Co-generation makes use of heat that is typically not utilized. A typical power plant generates electricity by burning natural gas, biofuels, oil, coal, or other fuels, which powers an electrical generator. The process of combustion generates excess heat, in the range of 40 to 67 per cent of the energy contained in the fuel. That waste heat can be captured and used for space heating and hot water. More advanced systems can also incorporate cooling.

The technology can be scaled down for home use. Honda has been producing and selling small-scale, or micro combined heat and power systems, since 2003 and says it has sold and installed more than 100,000 units. Marathon Engine Systems manufactures the Ecopower Micro CHP and received a 2011 ENERGY STAR Emerging Technology Award for the system. The company says its system is appropriate for houses larger than 230 square metres.

More recently, several converging factors have been driving the development of the systems. Natural disasters such as the Fukushima earthquake, for example, led Honda to produce small systems designed to be used as a backup energy source in the event of power outage. A small gas engine powers a generator, while the waste heat powers a water heater.

Off-grid homes and other buildings are obvious choices for combined heat and power systems. If the home is accessible to fuel delivery, the systems can provide most and sometimes all of the electricity, hot water, and space heating needed. Solar systems can be incorporated as well, reducing the amount of fuel burned.

Increased adoption of grid-tied home energy production is a factor as well. Net-metering pricing schemes make home energy production of all types more cost effective and attractive to homeowners. As home photovoltaic systems become cheaper and more popular each year, more people see the potential in producing some or all of the energy they use. Since 2011, two-thirds of new solar capacity has gone to distributed (non-utility) installations, including individual homes.

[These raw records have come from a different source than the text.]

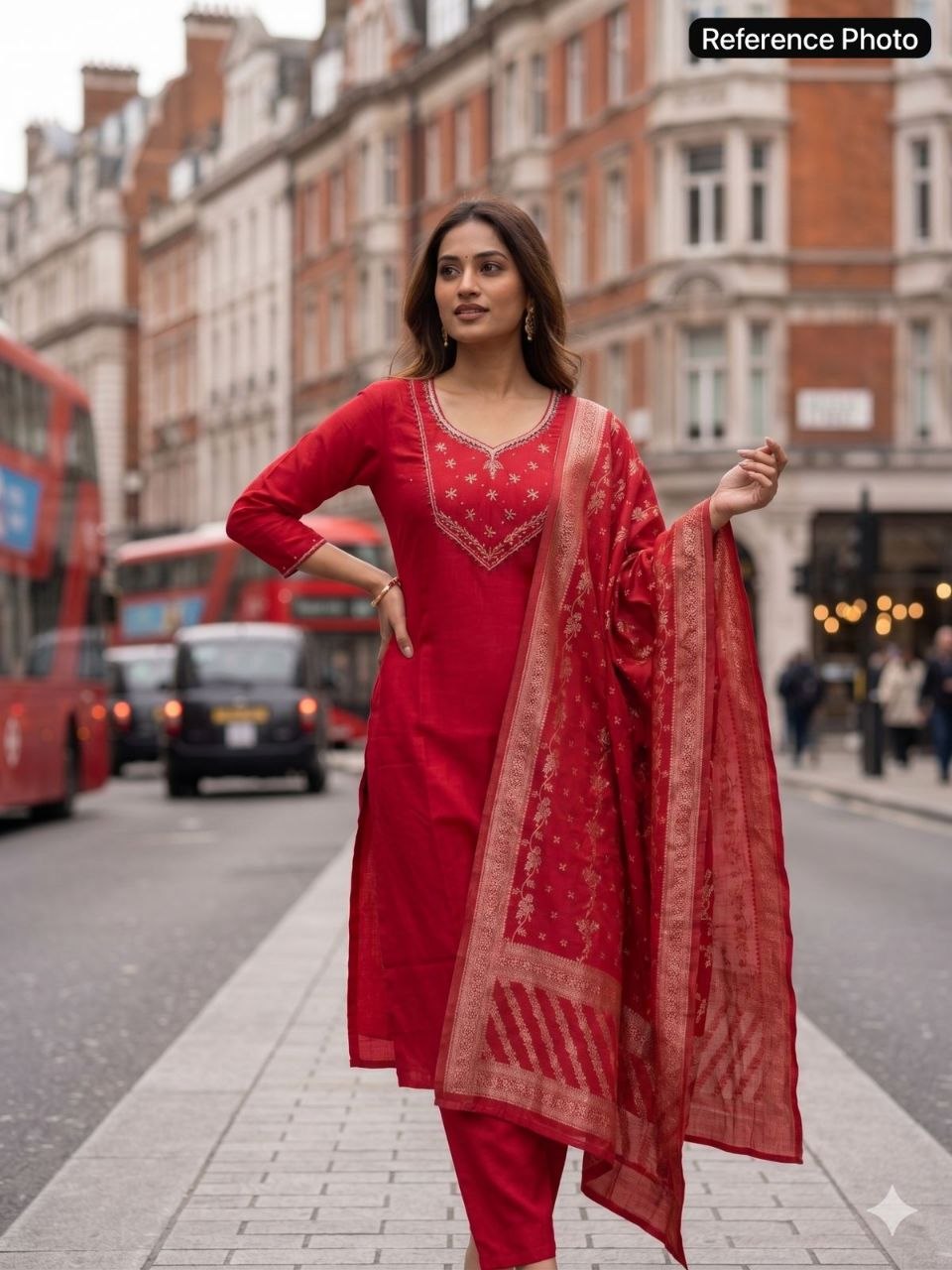 Premium Mul Chanderi Kurti Set With Duppata And Pant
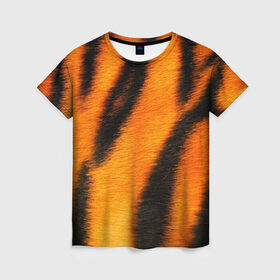 Женская футболка 3D с принтом Шкура тигра в Санкт-Петербурге, 100% полиэфир ( синтетическое хлопкоподобное полотно) | прямой крой, круглый вырез горловины, длина до линии бедер | кошка | полосатая | текстуры | тигр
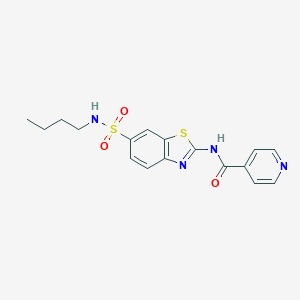molecular formula C17H18N4O3S2 B489790 N-[6-(butylsulfamoyl)-1,3-benzothiazol-2-yl]pyridine-4-carboxamide CAS No. 691867-37-5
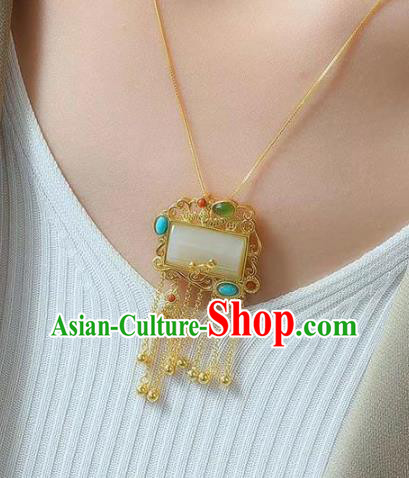 China Handmade Golden Tassel Necklace Jewelry Accessories Traditional Jade Pendant China Handmade Golden Tassel Necklace Jewelry Accessories Traditional Jade Pendant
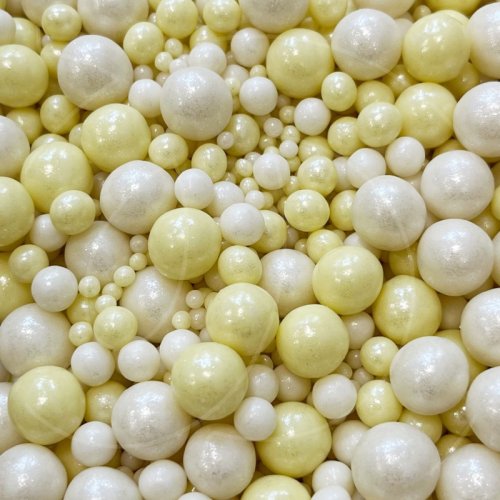 Посыпка кондитерская из дутого риса жемчуг "Серебряно-жёлтый микс" 50 г 140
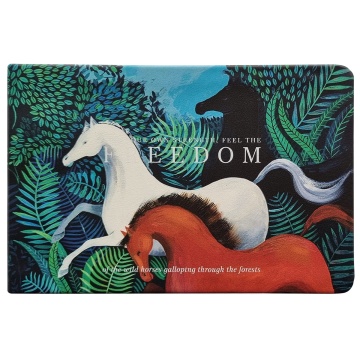 Планинг дат. 2026г А6 64л., кожзам., интегр.пер. "Art. Три лошади"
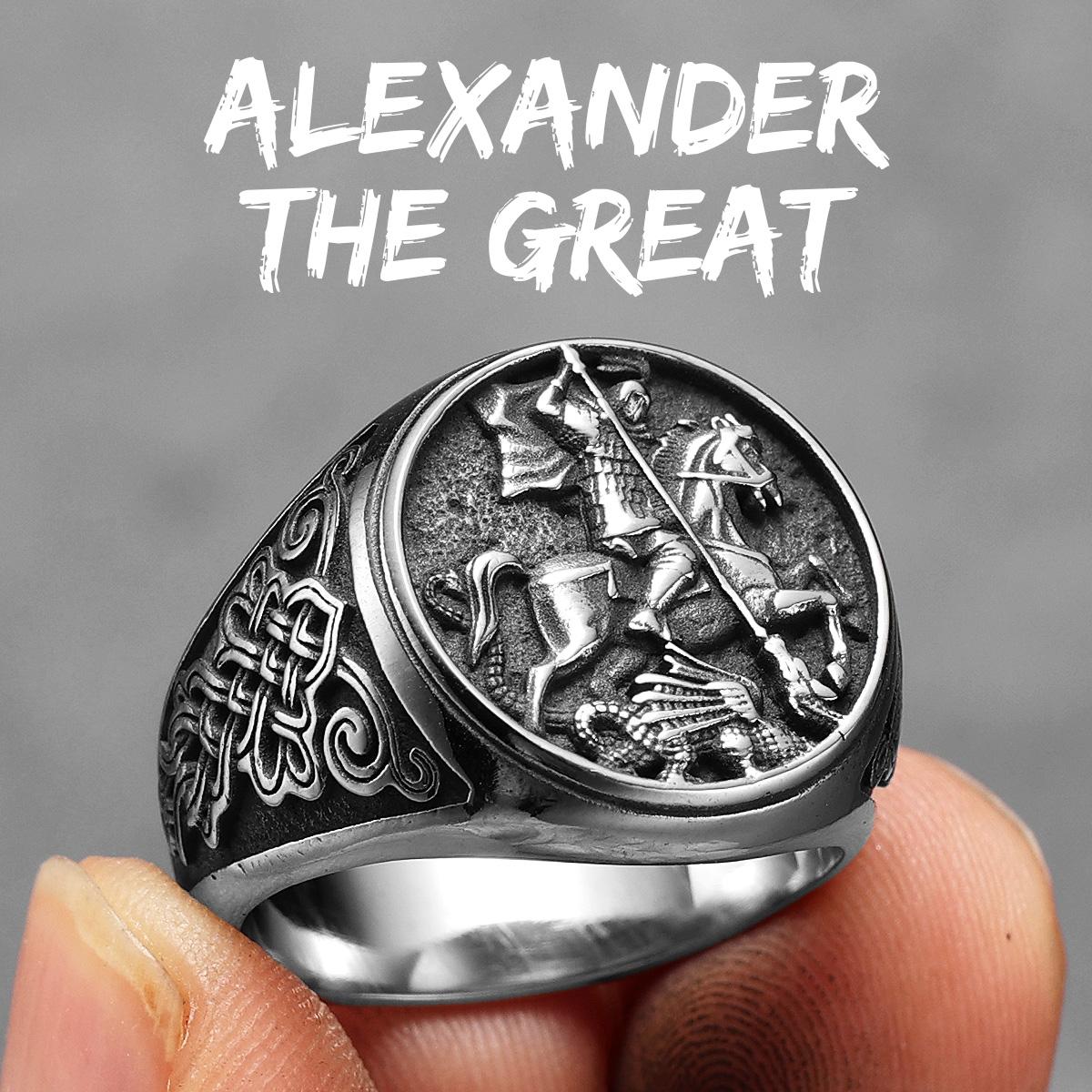 

Мужские кольца Saint George Slay Dragon из нержавеющей стали в стиле панк-рок, крутые вещи, модные аксессуары, ювелирные изделия для женщин, подарок 13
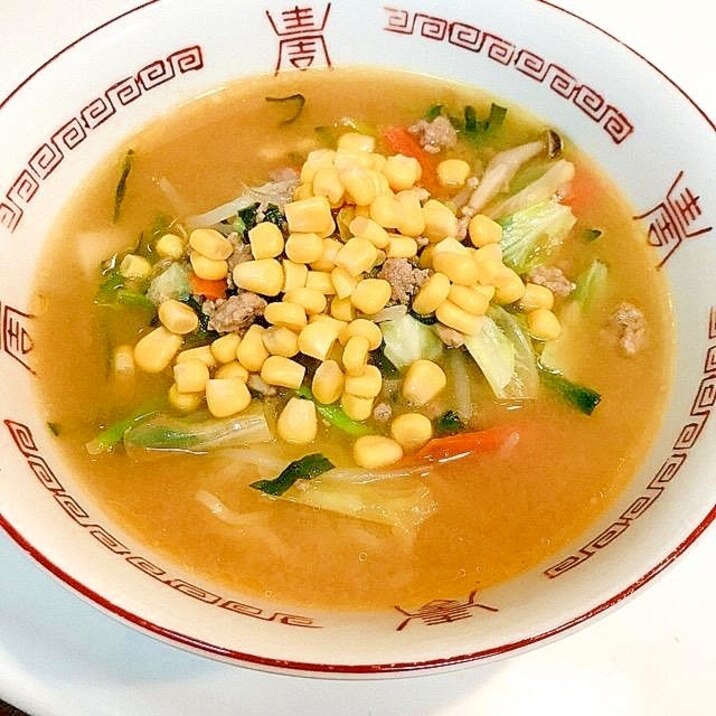 具沢山でどうぞ♪とろみ野菜の味噌ラーメン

Solar photovoltaic systems are the most popular grid-tied option, but micro combined heat and power systems will also work. A new development in micro combined heat and power systems is currently undergoing testing and regulatory approval. The Nirvana Power Stick uses a Stirling engine, fueled by propane, to produce one to four kilowatts of electrical power, and 15 kilowatts of thermal power, with system efficiency over 90 per cent. The company claims the cost will be comparable to a new boiler, with a similar physical size, as well. Added benefits include system payback in two to three years and lower CO2 emissions.

While the Australian market has not seen much adoption of micro combined heat and power so far, that could change as the technology matures and is proven.

A report by Energia, Personal Power Stations: The Australian Market for Micro-Combined Heat and Power to 2021, offers a potentially brighter future for the technology. The report cites the technology’s efficiency and carbon footprint as benefits.

“Personal power plant technology could cost effectively provide most of Australia’s gas connected residential premises with all of their electricity and hot water heating needs at 23% to 39% of the carbon emissions of today,“ the report states.